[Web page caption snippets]
········
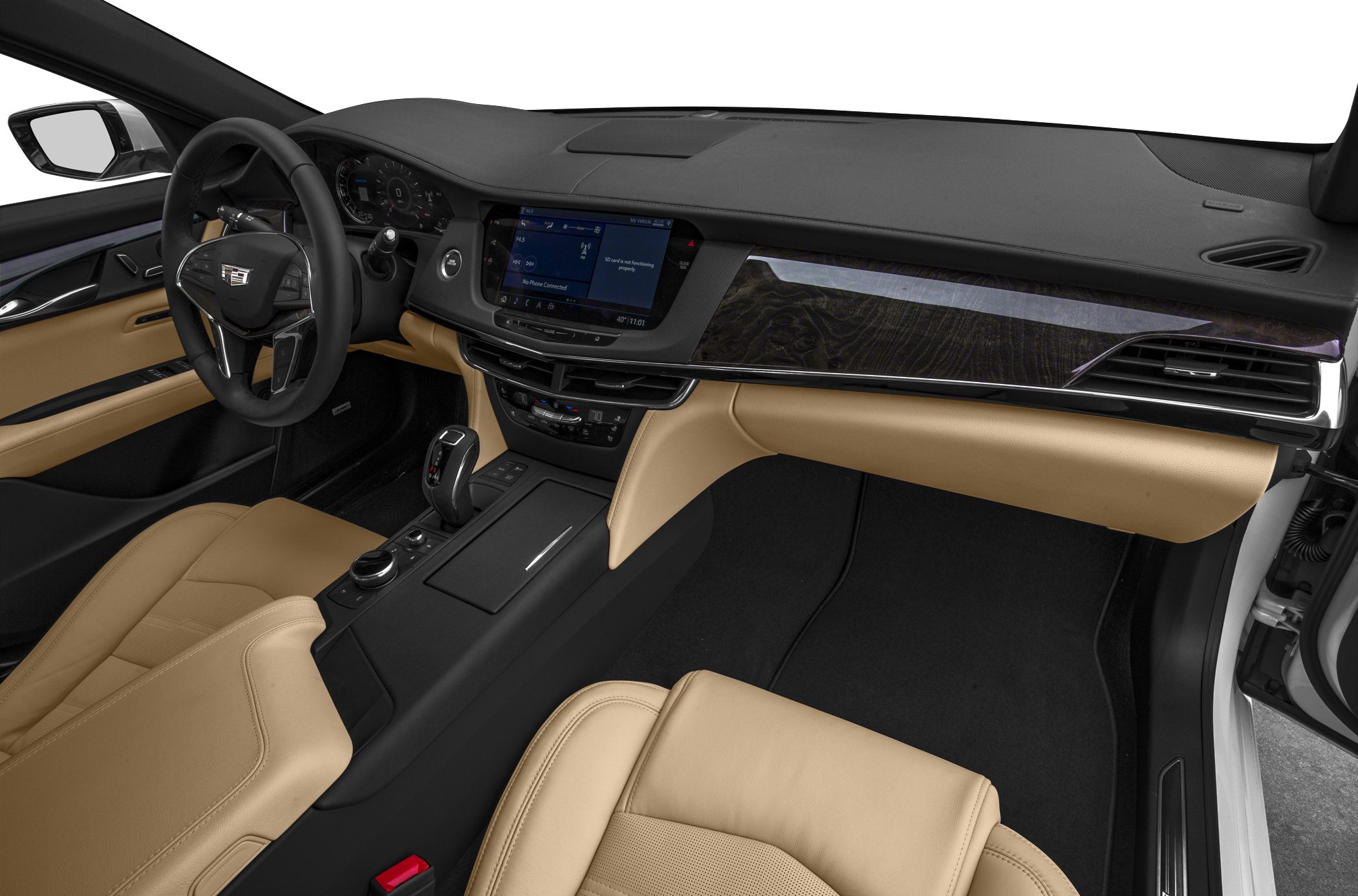 Luxurious car interior with modern dashboard and infotainment system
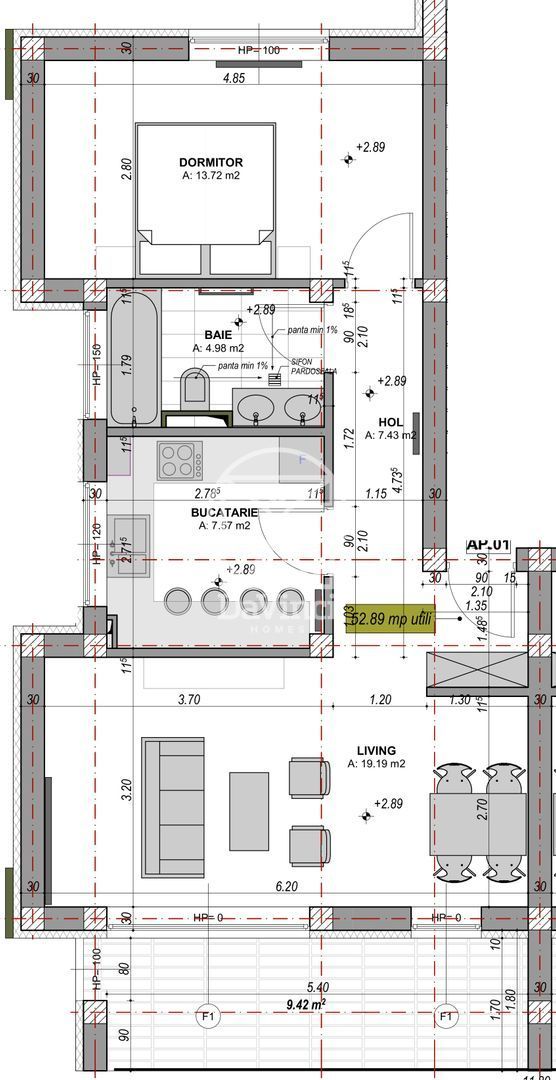 Apartament 2 camere, decomandat, geam la baie (SBE-101Q-Da-ap.1) - Poză 2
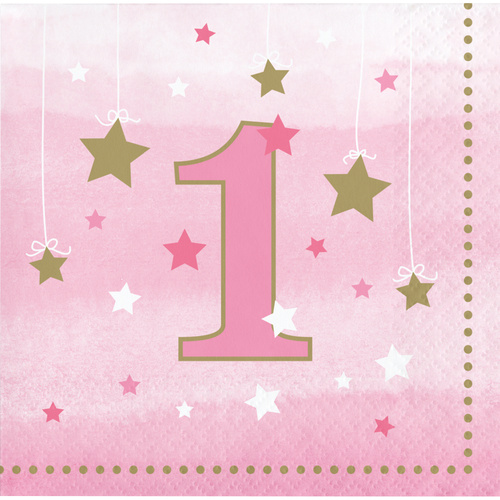 Twinkle Twinkle One Little Star 1st Birthday Girl Beverage Napkins 16 Pack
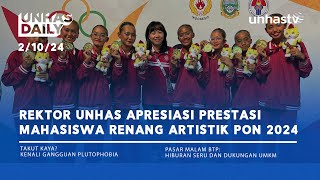 Unhas Daily 210  Rektor Unhas Apresiasi Prestasi Mahasiswa Renang Artistik PON 2024 [upl. by Droc]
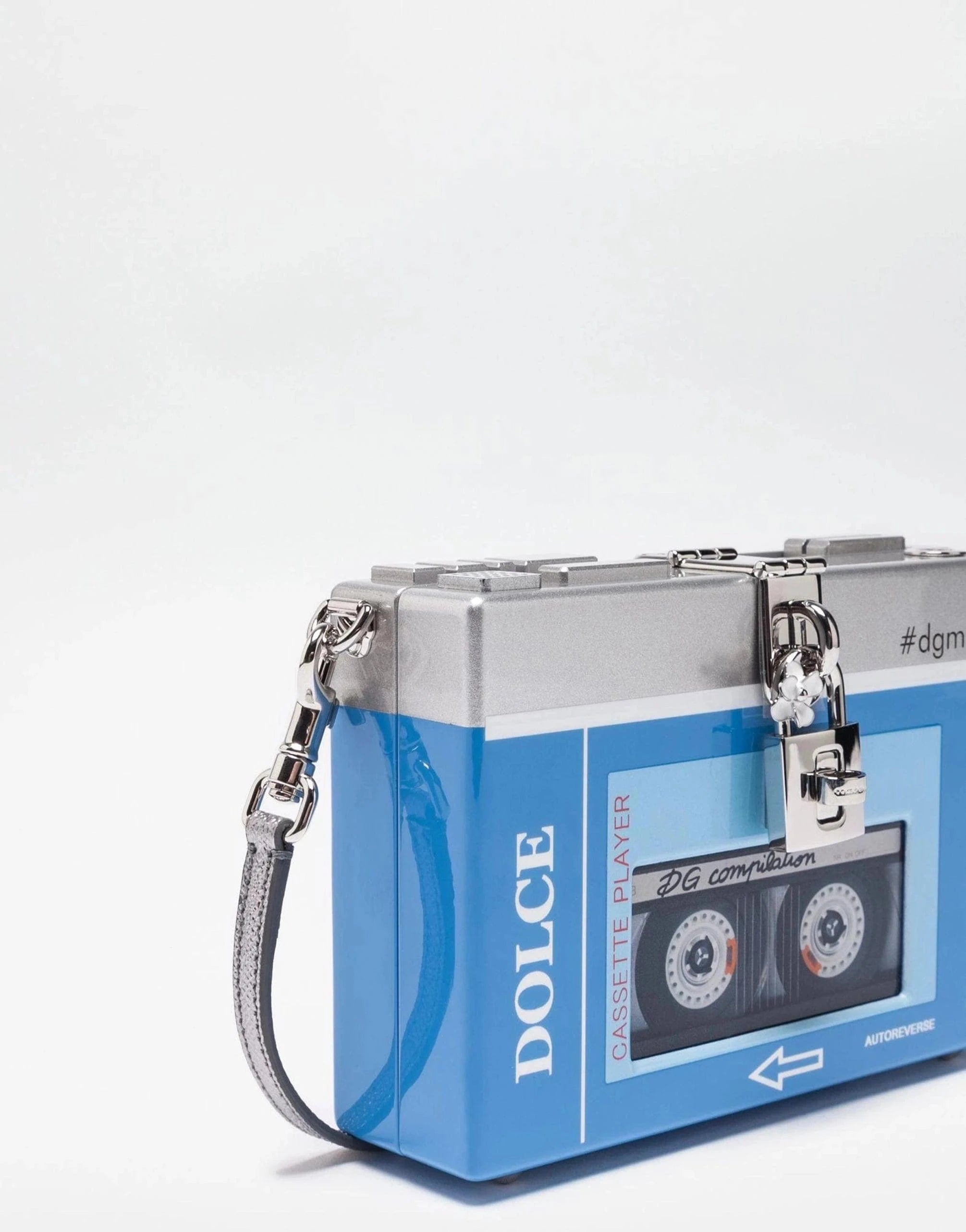 Dolce
Gabbana Box Walkman Wood Leather Clutch Bag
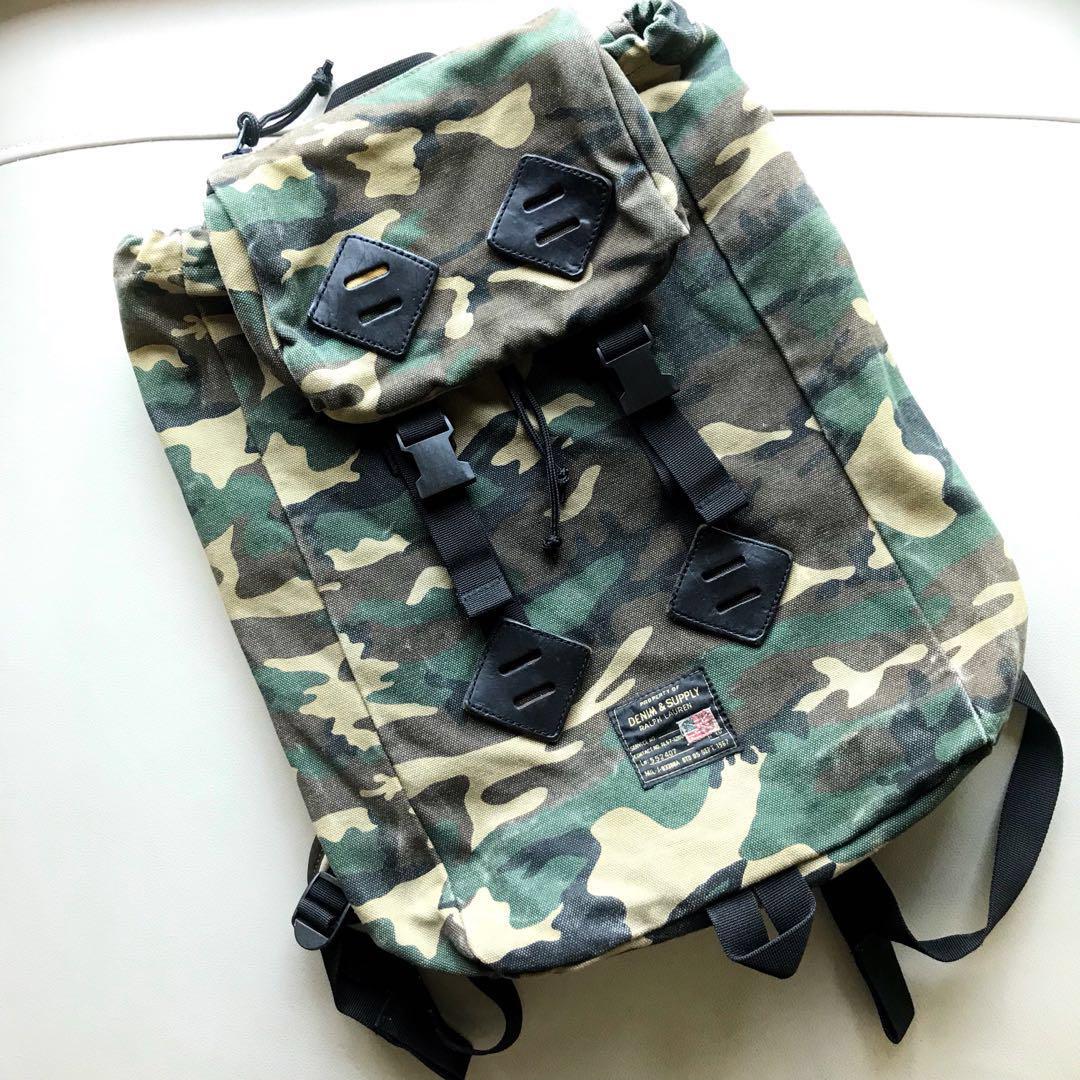 Ralph Lauren Denim Supply Camouflage Backpack, 男裝, 袋, 腰袋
········
## [EXERCISE OBJECTIVE]
Give back exactly the lines from the one containing "Unhas Daily 210" through the last line above, both included, and none of the pictures.

## [ANSWER TO THE EXERCISE]
 Unhas Daily 210  Rektor Unhas Apresiasi Prestasi Mahasiswa Renang Artistik PON 2024 [upl. by Droc]
 Dolce
Gabbana Box Walkman Wood Leather Clutch Bag
 Ralph Lauren Denim Supply Camouflage Backpack, 男裝, 袋, 腰袋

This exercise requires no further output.